▶ INPUT DATA
--- START ---

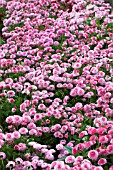 BELLIS PERENNIS RUBY ROSE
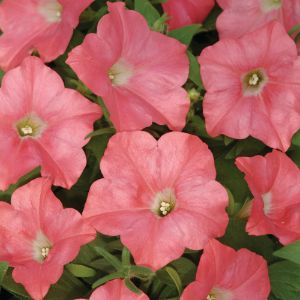 Petunias (Easy Wave)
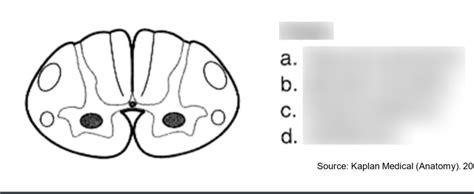 Neuro Block 2 Diagram Quizlet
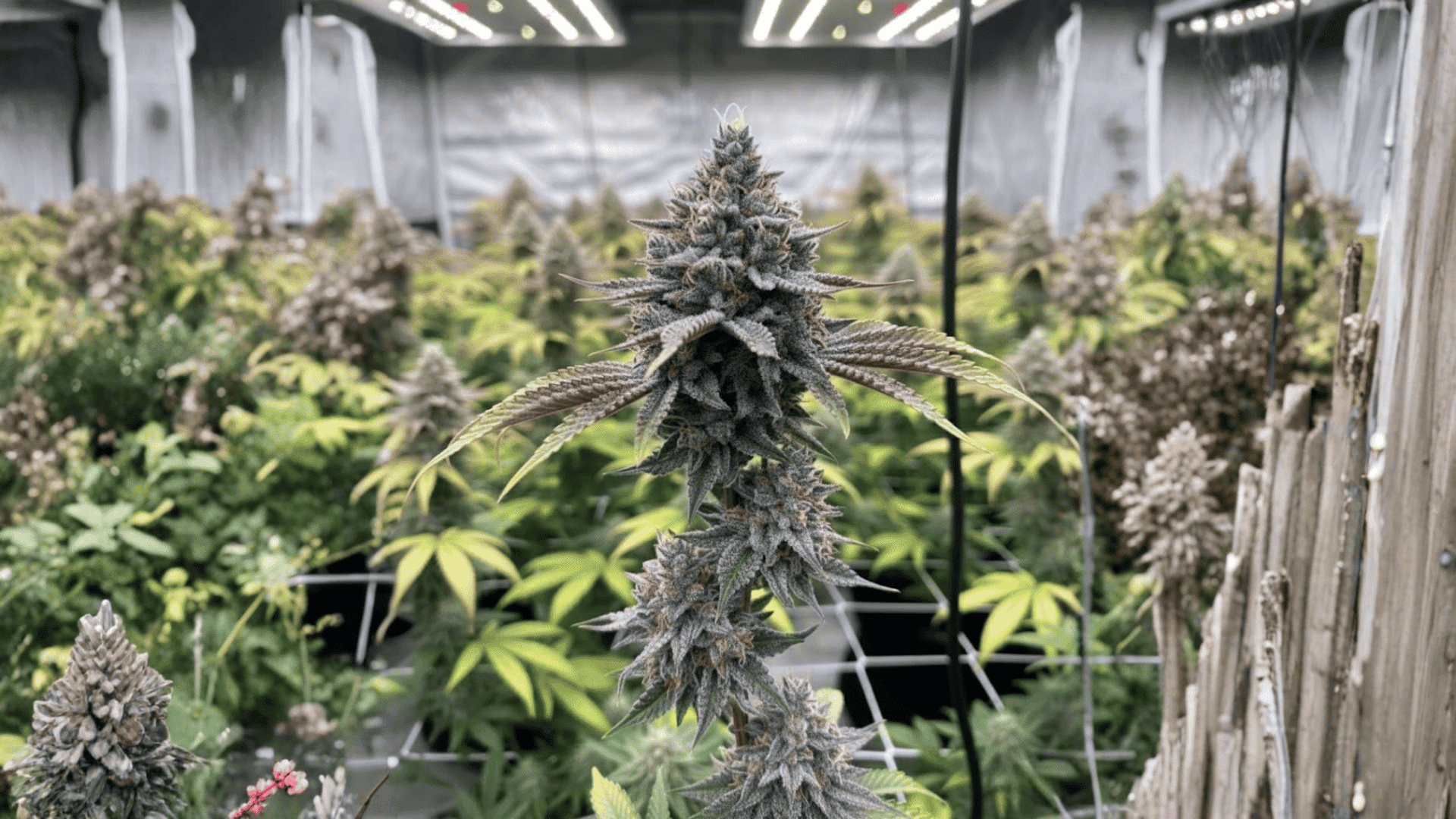 growing the cherry poppers strain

--- END ---

▶ YOUR TASK
Give the data again exactly as it stands, apart from the pictures.

▶ TASK RESULT
 BELLIS PERENNIS RUBY ROSE
 Petunias (Easy Wave)
 Neuro Block 2 Diagram Quizlet
 growing the cherry poppers strain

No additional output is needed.